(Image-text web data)
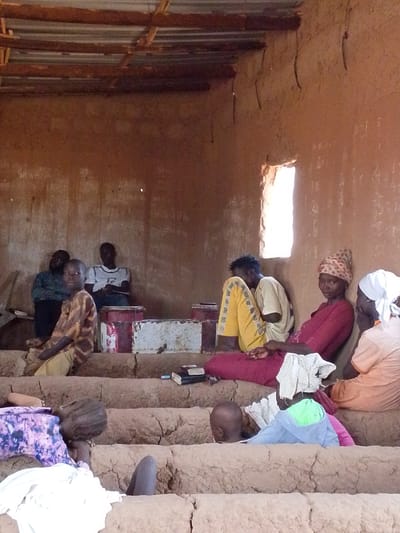 The image shows a group of people inside a structure in Mulke Barikin Sayejo, Nigeria. The building appears to be constructed of mud or clay. The roof is made of corrugated metal sheets. There is a small window providing light. A group of adults are seated, some wearing head coverings. A few children are seated on the lower level. There are books and various containers present. Some people are talking to each other.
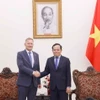 Phó Thủ tướng Trần Lưu Quang tiếp Giám đốc vận hành Tập đoàn LEGO Carsten Rasmussen. (Ảnh: Doãn Tấn/TTXVN)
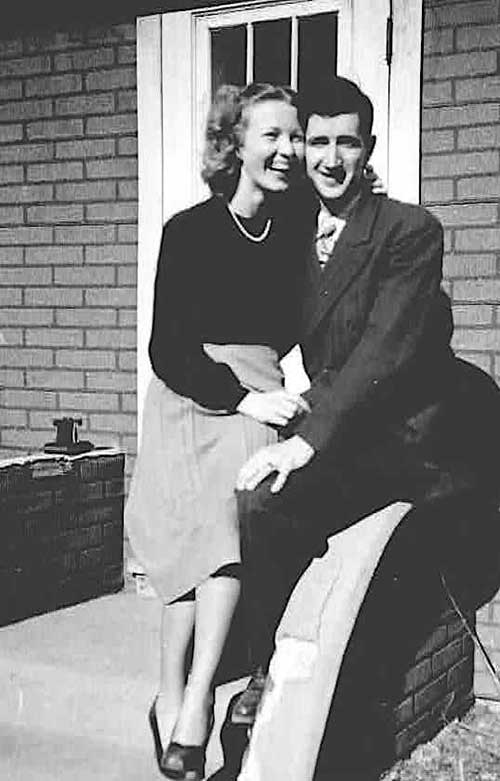 Une jeune femme qui rit est assise sur les genoux d’un jeune homme.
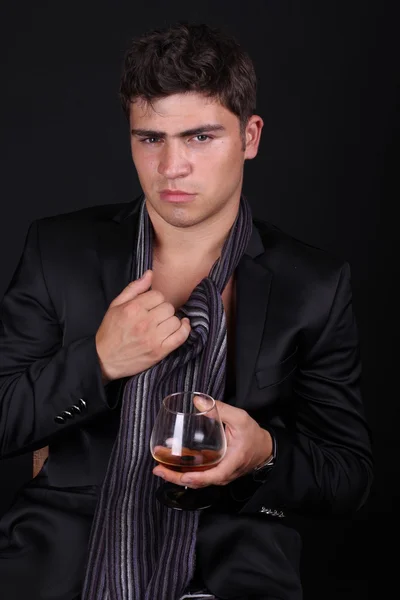 Man with glass of cognac on dark background — Stok Foto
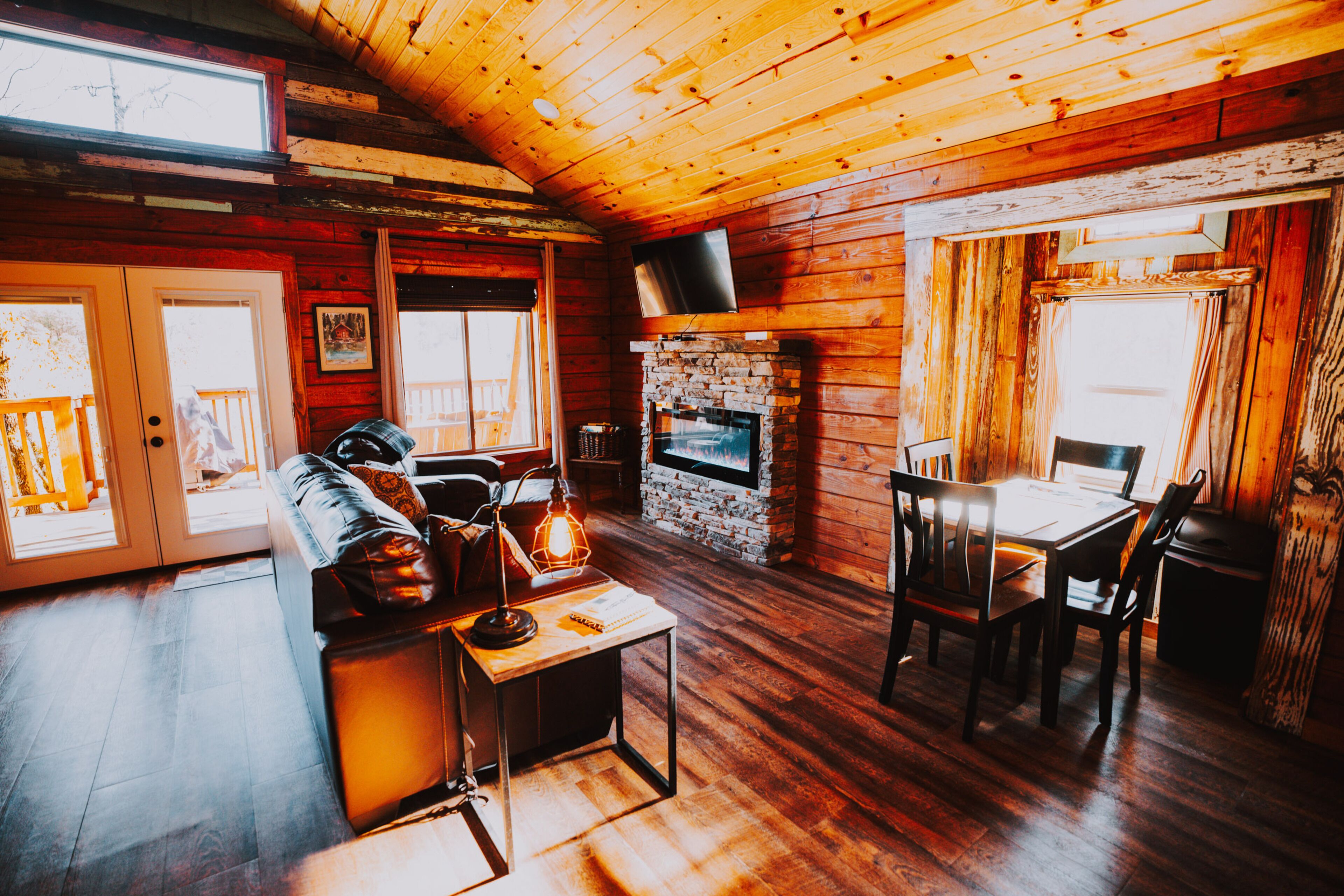 A cozy cabin interior with a stone fireplace, wooden walls, a sofa, and a dining table.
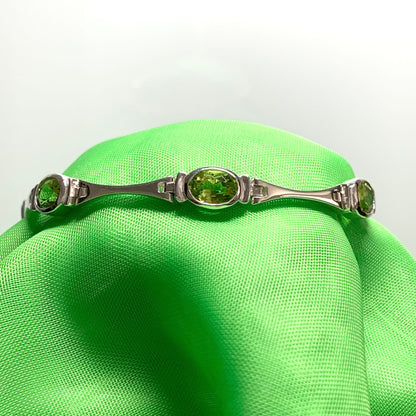 Silver peridot bracelet Oval stones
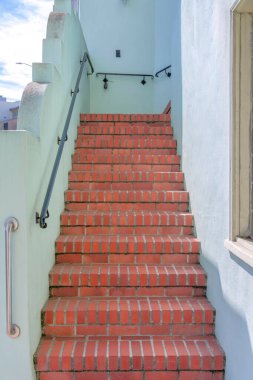 San Francisco, California 'da duvara monte edilmiş metal tırabzanlar olan kırmızı tuğlalar. Binanın dışındaki beyaz duvarların ortasındaki merdivenleri daralt..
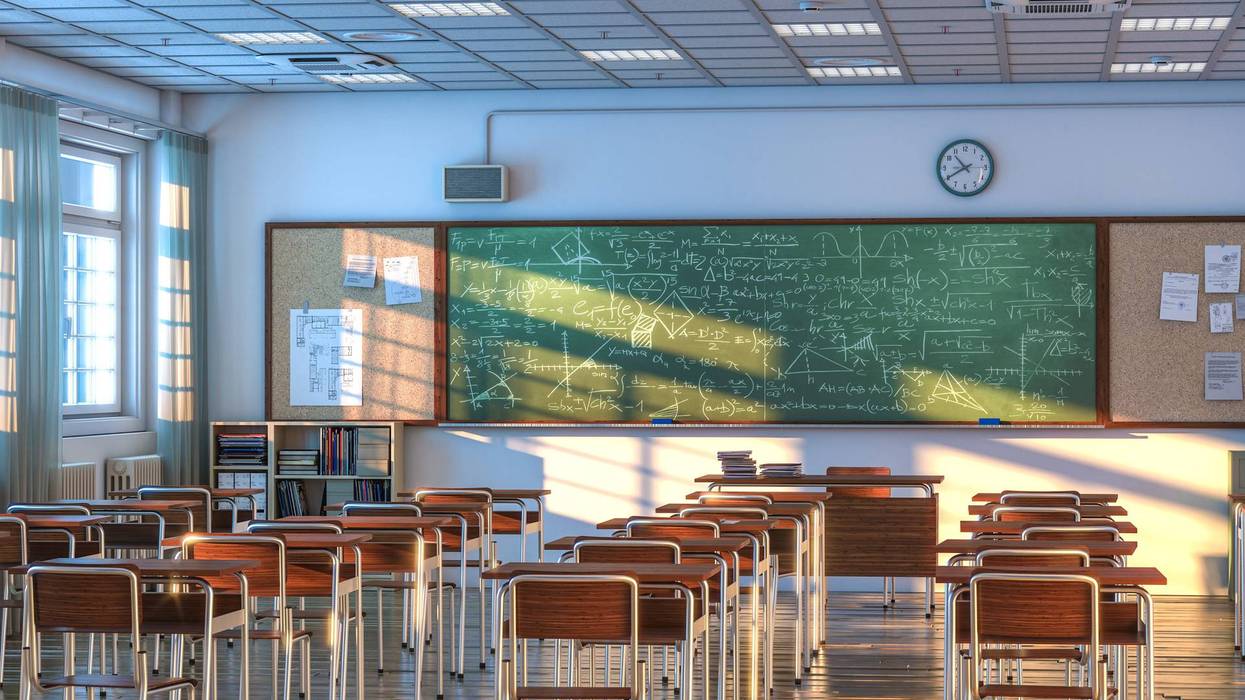 interior of a school classroom with wooden desks and chairs. nobody around. 3d render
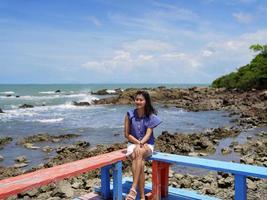 cheveux venteux femme femme touriste s'asseoir sur un siège en bois rouge et bleu coin terrasse avec vue sur la mer plage de roche et ciel bleu vif photo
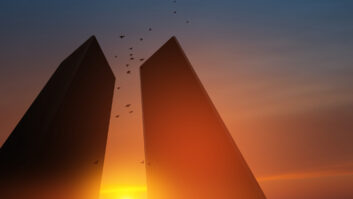 The sun is seen between the two towers of the former World Trade Center in New York City.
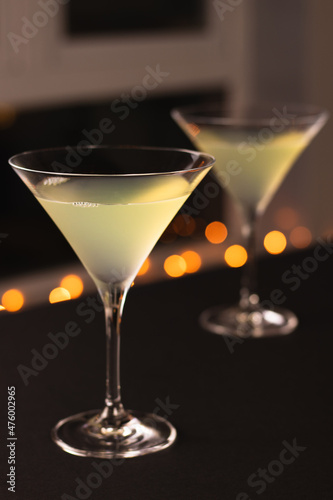 Two cocktails in martini glasses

Exercise goal: Give every record again exactly, apart from the pictures, which stay out.

Problem solution:
 The image shows a group of people inside a structure in Mulke Barikin Sayejo, Nigeria. The building appears to be constructed of mud or clay. The roof is made of corrugated metal sheets. There is a small window providing light. A group of adults are seated, some wearing head coverings. A few children are seated on the lower level. There are books and various containers present. Some people are talking to each other.
 Phó Thủ tướng Trần Lưu Quang tiếp Giám đốc vận hành Tập đoàn LEGO Carsten Rasmussen. (Ảnh: Doãn Tấn/TTXVN)
 Une jeune femme qui rit est assise sur les genoux d’un jeune homme.
 Man with glass of cognac on dark background — Stok Foto
 A cozy cabin interior with a stone fireplace, wooden walls, a sofa, and a dining table.
 Silver peridot bracelet Oval stones
 San Francisco, California 'da duvara monte edilmiş metal tırabzanlar olan kırmızı tuğlalar. Binanın dışındaki beyaz duvarların ortasındaki merdivenleri daralt..
 interior of a school classroom with wooden desks and chairs. nobody around. 3d render
 cheveux venteux femme femme touriste s'asseoir sur un siège en bois rouge et bleu coin terrasse avec vue sur la mer plage de roche et ciel bleu vif photo
 The sun is seen between the two towers of the former World Trade Center in New York City.
 Two cocktails in martini glasses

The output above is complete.